Elasticsearch Synonym Analyzer using ElasticsearchCRUD

This article shows how to setup and use a custom analyzer in Elasticsearch using ElasticsearchCRUD. An analyzer with a custom Synonym Token Filter is created and added to the index. If you search for any of the synonyms, you will find all the hits for all the possible texts.

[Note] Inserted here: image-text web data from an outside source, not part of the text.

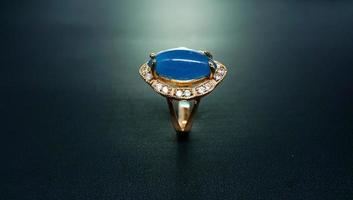 photo of women's ring with a light blue stone motif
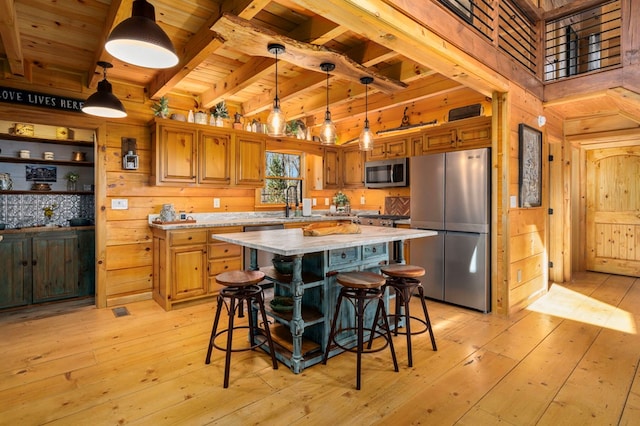 kitchen with appliances with stainless steel finishes, pendant lighting, a kitchen bar, a center island, and light stone counters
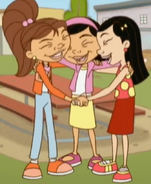 Maya, Chrissy and Maggie hugging, holding hands, and laughing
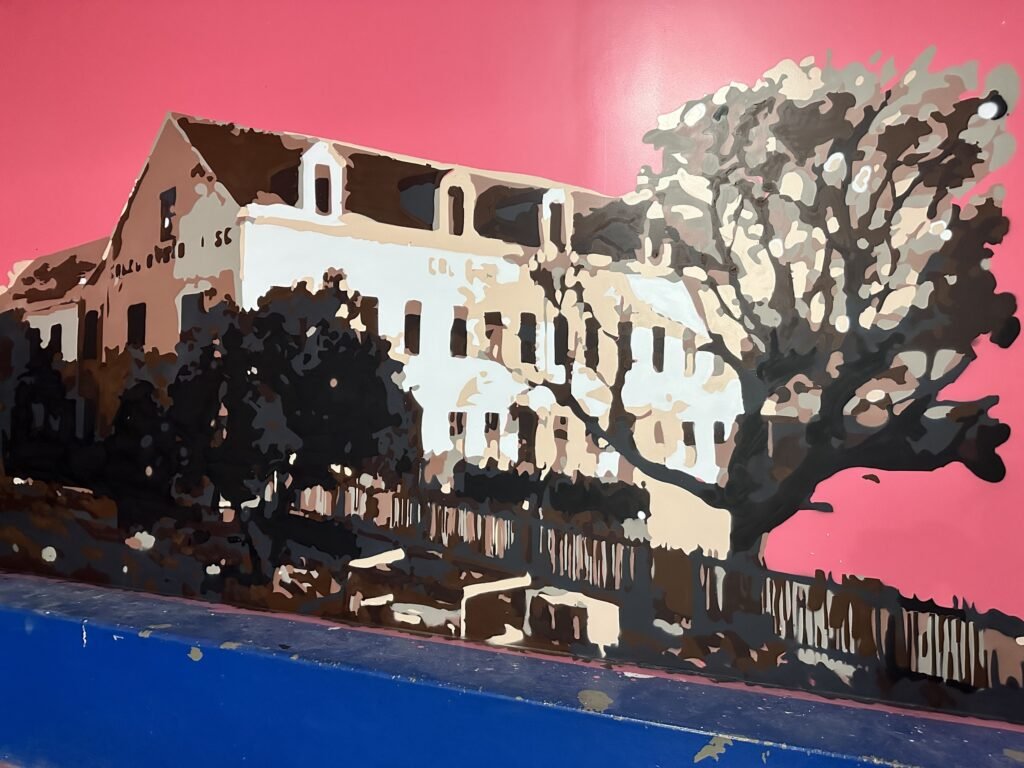 Detalhe do prédio histórico do colégio pintado sobre fundo rosa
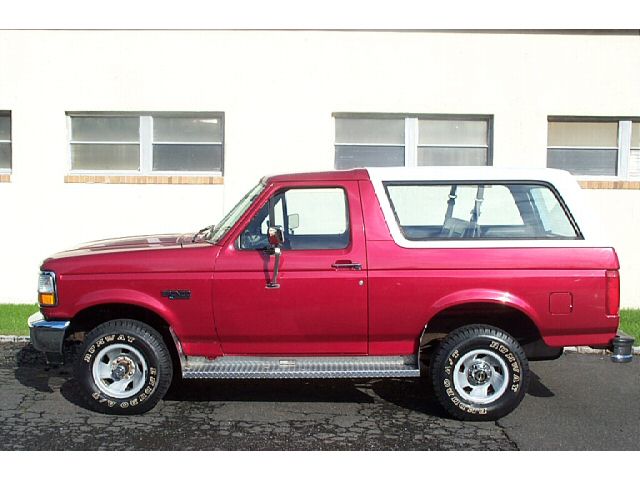 Side view of red 1995 Ford Bronco with white top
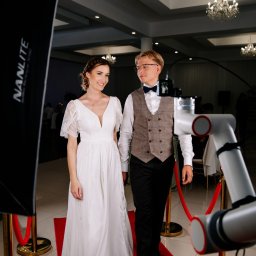 Adamatic - Elegancka para młoda pozuje przed robotem filmowym Glambot na czerwonym dywanie. W tle żyrandole i dekoracje weselne, oświetlenie studyjne.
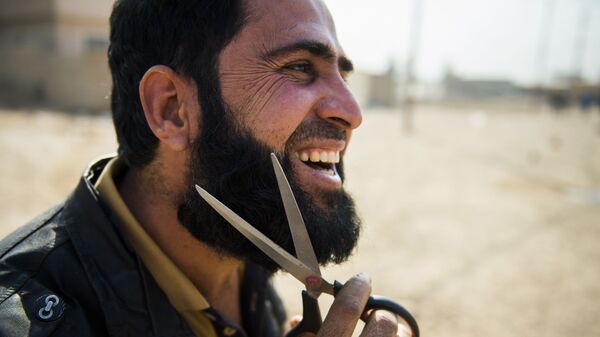 Иракский мужчина, добравшийся до правительственных войск в предместье Мосула, стрижет себе бороду - اسپوتنیک افغانستان  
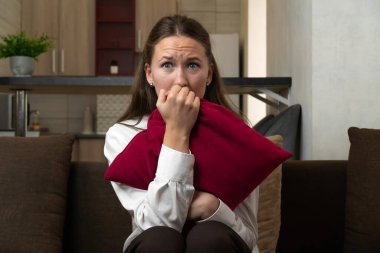 Evdeki kanepede oturan genç bir kadın yoğun korku ve endişe yaşıyor, kırmızı bir yastığı sıkıca tutuyor ve tırnaklarını yiyor, bir anlık kırılganlık ve stres gösteriyor.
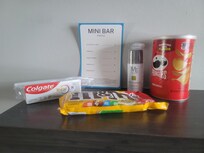 Overpriced mini-bar with items yu could buy right across the street at regular price. Notice the fee for the Fiji water but threre's no Fiji water.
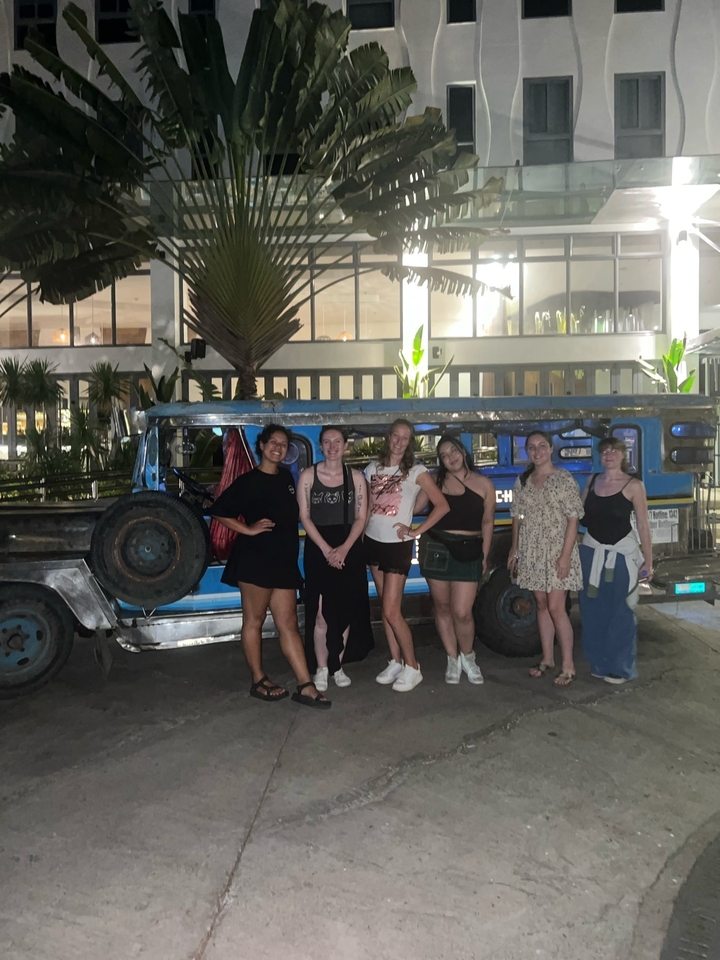 Six personnes posant devant un jeepney.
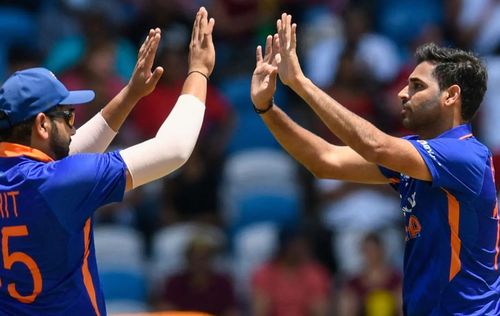 Rohit Sharma (L) with Bhuvneshwar Kumar (R).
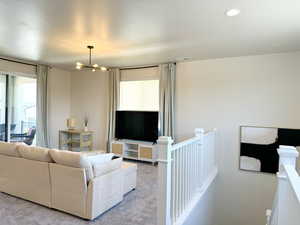 Upstairs Loft living area connect to upper covered deck with carpet flooring, recessed lighting, visible vents, and an inviting chandelier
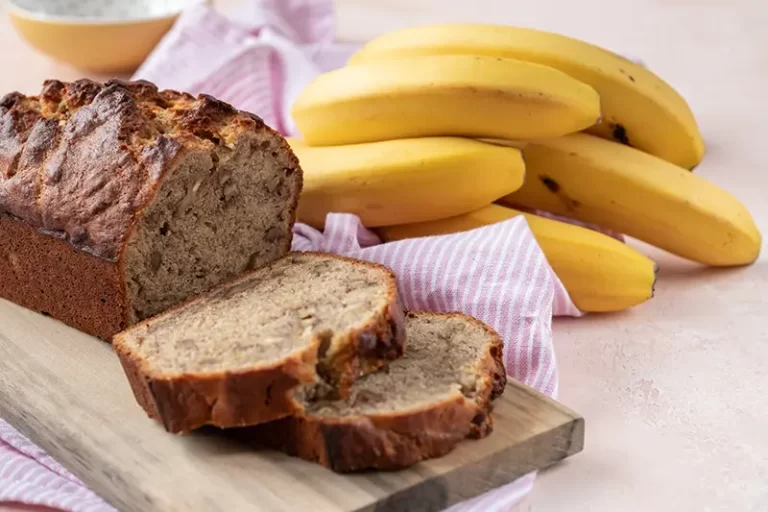 Sliced banana bread on a cutting board.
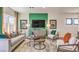 Cozy living room featuring modern furniture, a green accent wall and ample natural light at 4754 Bluebird Cliffs Ave Dr # Lot 170, Las Vegas, NV 89141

Code: https://github.com/damienbod/ElasticsearchSynonymAnalyzer

Other Tutorials:

Part 1: ElasticsearchCRUD introduction
Part 2: MVC application search with simple documents using autocomplete, jQuery and jTable
Part 3: MVC Elasticsearch CRUD with nested documents
Part 4: Data Transfer from MS SQL Server using Entity Framework to Elasticsearch
Part 5: MVC Elasticsearch with child, parent documents
Part 6: MVC application with Entity Framework and Elasticsearch
Part 7: Live Reindex in Elasticsearch
Part 8: CSV export using Elasticsearch and Web API
Part 9: Elasticsearch Parent, Child, Grandchild Documents and Routing
Part 10: Elasticsearch Type mappings with ElasticsearchCRUD
Part 11: Elasticsearch Synonym Analyzer using ElasticsearchCRUD
Part 12: Using Elasticsearch German Analyzer
Part 13: MVC google maps search using Elasticsearch
Part 14: Search Queries and Filters with ElasticsearchCRUD
Part 15: Elasticsearch Bulk Insert
Part 16: Elasticsearch Aggregations With ElasticsearchCRUD
Part 17: Searching Multiple Indices and Types in Elasticsearch
Part 18: MVC searching with Elasticsearch Highlighting
Part 19: Index Warmers with ElasticsearchCRUD

Creating a custom Synonym Analyzer

Creating an index with custom analyzers, filters or tokenizers is very easy to do in ElasticsearchCRUD. Strongly typed class configuration is available for all types as well as const definitions for all the default possibilities. In the example below, a SynonymTokenFilter is created and added to the custom analyzer. This is then included in the index mappings along with other configurations.

new IndexDefinition
{
	IndexSettings =
	{
		Analysis = new Analysis
		{
			Analyzer =
			{
				Analyzers = new List<AnalyzerBase>
				{
					new CustomAnalyzer("john_analyzer")
					{
						Tokenizer = DefaultTokenizers.Whitespace,
						Filter = new List<string> {DefaultTokenFilters.Lowercase, "john_synonym"}
					}
				}
			},
			Filters =
			{
				CustomFilters = new List<AnalysisFilterBase>
				{
					new SynonymTokenFilter("john_synonym")
					{
						Synonyms = new List<string>
						{
							"sean  => john, sean, séan",
							"séan => john, sean, séan",
							"johny => john",
						}
					}
				}
			}
		},
		NumberOfShards = 3,
		NumberOfReplicas = 1
	},
};

The index settings is created as follows in Elasticsearch:

http://localhost:9200/_settings

analyzersEs_01

Creating the mapping for anaylzed and non-analyzed

Now a mapping is created for the member type using the Member class to map this. The Name property uses the custom analyzer and also saves the original text in a non-analyzed field using the Fields configuration.

public class Member
{
	public long Id { get; set; }

	[ElasticsearchString(Index = StringIndex.analyzed, Analyzer="john_analyzer", Fields = typeof(FieldDataDefinition))]
	public string Name { get; set; }

	public string FamilyName { get; set; }

	public string Info { get; set; }
}


public class FieldDataDefinition
{
	[ElasticsearchString(Index=StringIndex.not_analyzed)]
	public string Raw { get; set; }
}

The index with mappings and settings is created using the following method:

_context.IndexCreate<Member>(indexDefinition);

This is then created as follows:

http://localhost:9200/_mapping

analyzersEs_02

Adding some data

Now some data can be added to the index using a bulk insert.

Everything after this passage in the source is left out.